Return every line from the records below in which the word "recessed" is found.

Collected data
§
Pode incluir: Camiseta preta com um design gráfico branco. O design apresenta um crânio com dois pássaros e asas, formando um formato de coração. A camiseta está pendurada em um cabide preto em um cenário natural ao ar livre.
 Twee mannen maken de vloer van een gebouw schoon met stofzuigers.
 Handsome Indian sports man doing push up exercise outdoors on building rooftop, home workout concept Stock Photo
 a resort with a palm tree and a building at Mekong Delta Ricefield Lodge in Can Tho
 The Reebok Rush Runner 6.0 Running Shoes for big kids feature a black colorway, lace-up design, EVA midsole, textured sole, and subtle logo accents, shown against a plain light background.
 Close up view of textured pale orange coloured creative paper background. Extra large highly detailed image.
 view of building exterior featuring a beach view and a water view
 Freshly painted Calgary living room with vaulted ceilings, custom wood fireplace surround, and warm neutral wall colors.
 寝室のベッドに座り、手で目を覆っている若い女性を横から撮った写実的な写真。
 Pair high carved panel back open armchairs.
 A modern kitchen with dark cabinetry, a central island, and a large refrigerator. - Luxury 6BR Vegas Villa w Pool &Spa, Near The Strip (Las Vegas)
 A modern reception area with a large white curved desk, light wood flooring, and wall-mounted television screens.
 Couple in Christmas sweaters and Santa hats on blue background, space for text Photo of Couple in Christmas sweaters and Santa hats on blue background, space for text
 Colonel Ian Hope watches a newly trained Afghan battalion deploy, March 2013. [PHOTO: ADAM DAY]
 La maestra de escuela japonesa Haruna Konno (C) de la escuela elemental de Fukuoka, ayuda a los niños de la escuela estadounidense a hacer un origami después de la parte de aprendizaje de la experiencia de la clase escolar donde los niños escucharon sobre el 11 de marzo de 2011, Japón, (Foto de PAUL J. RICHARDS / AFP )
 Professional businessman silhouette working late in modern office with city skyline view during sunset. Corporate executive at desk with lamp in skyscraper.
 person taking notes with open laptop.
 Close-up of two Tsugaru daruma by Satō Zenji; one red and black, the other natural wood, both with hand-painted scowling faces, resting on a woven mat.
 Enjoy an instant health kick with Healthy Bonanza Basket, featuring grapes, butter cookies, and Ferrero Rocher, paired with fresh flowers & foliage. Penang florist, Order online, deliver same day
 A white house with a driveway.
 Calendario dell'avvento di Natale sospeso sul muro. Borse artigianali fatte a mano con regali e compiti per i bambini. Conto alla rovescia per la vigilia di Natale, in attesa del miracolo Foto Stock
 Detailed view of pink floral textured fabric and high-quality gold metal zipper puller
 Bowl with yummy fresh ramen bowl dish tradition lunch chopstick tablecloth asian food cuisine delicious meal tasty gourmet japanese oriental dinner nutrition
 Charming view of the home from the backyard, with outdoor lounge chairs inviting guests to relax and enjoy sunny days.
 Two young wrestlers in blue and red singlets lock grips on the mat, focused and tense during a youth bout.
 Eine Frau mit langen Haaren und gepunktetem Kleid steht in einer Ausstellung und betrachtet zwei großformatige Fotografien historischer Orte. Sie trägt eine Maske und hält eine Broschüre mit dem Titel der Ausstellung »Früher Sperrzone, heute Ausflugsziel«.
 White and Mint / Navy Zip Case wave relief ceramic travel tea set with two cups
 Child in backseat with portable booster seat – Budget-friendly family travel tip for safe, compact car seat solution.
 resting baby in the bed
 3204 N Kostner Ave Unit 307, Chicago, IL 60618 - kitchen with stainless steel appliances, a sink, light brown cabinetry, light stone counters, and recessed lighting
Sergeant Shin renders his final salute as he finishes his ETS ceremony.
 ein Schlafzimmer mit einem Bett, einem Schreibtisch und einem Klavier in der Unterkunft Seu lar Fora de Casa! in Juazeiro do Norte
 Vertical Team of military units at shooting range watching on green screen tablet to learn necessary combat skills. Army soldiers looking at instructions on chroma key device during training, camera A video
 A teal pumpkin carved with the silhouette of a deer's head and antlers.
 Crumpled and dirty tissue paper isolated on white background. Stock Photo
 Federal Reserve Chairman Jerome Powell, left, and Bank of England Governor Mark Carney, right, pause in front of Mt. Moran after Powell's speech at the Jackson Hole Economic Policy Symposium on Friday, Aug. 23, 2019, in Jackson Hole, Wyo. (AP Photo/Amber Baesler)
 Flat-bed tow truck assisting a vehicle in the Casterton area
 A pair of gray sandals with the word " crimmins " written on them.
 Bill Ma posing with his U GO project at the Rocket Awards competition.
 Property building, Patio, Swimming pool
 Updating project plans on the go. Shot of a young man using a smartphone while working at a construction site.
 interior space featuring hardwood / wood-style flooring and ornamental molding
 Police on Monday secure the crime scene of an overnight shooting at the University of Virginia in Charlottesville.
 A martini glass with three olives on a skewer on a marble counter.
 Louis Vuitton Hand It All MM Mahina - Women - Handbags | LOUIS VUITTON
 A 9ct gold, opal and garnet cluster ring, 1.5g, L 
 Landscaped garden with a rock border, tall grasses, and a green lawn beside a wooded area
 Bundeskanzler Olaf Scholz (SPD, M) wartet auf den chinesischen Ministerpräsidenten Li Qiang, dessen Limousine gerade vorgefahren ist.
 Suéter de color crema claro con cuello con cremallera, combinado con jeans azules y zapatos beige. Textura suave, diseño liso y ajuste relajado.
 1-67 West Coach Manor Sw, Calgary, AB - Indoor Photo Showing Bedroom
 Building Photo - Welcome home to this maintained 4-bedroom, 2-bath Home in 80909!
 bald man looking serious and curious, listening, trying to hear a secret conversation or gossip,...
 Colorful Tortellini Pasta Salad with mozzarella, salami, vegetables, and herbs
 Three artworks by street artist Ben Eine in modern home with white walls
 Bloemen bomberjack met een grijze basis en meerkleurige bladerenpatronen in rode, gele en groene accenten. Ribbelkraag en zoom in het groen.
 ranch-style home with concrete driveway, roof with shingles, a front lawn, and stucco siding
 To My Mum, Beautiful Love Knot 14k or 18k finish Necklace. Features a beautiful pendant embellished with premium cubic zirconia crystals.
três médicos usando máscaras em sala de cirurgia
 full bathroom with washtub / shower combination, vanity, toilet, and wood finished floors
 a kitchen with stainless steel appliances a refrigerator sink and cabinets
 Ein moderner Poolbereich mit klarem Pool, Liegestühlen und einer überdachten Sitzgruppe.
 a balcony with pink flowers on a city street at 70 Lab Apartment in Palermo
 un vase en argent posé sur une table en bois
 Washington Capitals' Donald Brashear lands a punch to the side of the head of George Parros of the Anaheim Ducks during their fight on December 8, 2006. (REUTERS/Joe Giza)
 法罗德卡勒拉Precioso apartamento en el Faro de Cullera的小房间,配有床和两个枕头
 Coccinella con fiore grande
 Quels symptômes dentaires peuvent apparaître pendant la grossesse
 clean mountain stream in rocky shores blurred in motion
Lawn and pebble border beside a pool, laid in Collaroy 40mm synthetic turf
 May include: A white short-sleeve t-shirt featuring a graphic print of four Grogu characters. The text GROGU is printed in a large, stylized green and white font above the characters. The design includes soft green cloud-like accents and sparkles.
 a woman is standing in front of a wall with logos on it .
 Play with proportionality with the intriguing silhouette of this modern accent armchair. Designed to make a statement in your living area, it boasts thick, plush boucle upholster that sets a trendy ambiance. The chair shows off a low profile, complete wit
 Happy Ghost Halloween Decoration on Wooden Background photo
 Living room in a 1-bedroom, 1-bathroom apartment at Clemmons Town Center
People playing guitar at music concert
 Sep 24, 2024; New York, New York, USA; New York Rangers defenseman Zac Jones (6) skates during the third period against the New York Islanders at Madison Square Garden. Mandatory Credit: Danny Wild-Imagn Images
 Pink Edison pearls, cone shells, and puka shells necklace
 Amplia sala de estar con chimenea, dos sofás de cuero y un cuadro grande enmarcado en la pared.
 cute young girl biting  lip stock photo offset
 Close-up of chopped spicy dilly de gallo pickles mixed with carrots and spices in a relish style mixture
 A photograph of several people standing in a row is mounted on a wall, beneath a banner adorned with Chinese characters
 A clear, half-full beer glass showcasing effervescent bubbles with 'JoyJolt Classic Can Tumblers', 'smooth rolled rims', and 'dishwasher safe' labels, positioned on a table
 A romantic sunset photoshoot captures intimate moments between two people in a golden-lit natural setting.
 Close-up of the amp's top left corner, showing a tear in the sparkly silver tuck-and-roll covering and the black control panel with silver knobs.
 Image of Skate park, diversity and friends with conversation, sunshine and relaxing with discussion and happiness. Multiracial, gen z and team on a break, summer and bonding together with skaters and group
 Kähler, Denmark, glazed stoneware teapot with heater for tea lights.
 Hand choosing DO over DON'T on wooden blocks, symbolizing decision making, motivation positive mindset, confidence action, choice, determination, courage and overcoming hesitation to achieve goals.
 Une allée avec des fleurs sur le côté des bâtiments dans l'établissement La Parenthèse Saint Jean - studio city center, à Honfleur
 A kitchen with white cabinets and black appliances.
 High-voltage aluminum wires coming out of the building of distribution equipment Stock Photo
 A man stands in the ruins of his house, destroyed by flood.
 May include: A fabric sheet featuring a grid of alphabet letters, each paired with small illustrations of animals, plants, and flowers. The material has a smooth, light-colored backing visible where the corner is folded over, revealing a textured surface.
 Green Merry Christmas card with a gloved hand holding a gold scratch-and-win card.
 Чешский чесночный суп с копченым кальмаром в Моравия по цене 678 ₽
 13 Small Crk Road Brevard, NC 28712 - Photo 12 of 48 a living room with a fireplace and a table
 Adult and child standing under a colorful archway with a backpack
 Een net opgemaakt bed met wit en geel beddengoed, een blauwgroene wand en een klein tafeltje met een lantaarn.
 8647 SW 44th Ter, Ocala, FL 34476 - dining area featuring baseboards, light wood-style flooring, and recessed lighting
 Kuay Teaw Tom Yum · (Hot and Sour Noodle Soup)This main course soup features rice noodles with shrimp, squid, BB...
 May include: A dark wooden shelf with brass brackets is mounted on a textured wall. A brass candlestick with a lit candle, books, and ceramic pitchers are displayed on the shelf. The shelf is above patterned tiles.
§
Task output
 3204 N Kostner Ave Unit 307, Chicago, IL 60618 - kitchen with stainless steel appliances, a sink, light brown cabinetry, light stone counters, and recessed lighting
 8647 SW 44th Ter, Ocala, FL 34476 - dining area featuring baseboards, light wood-style flooring, and recessed lighting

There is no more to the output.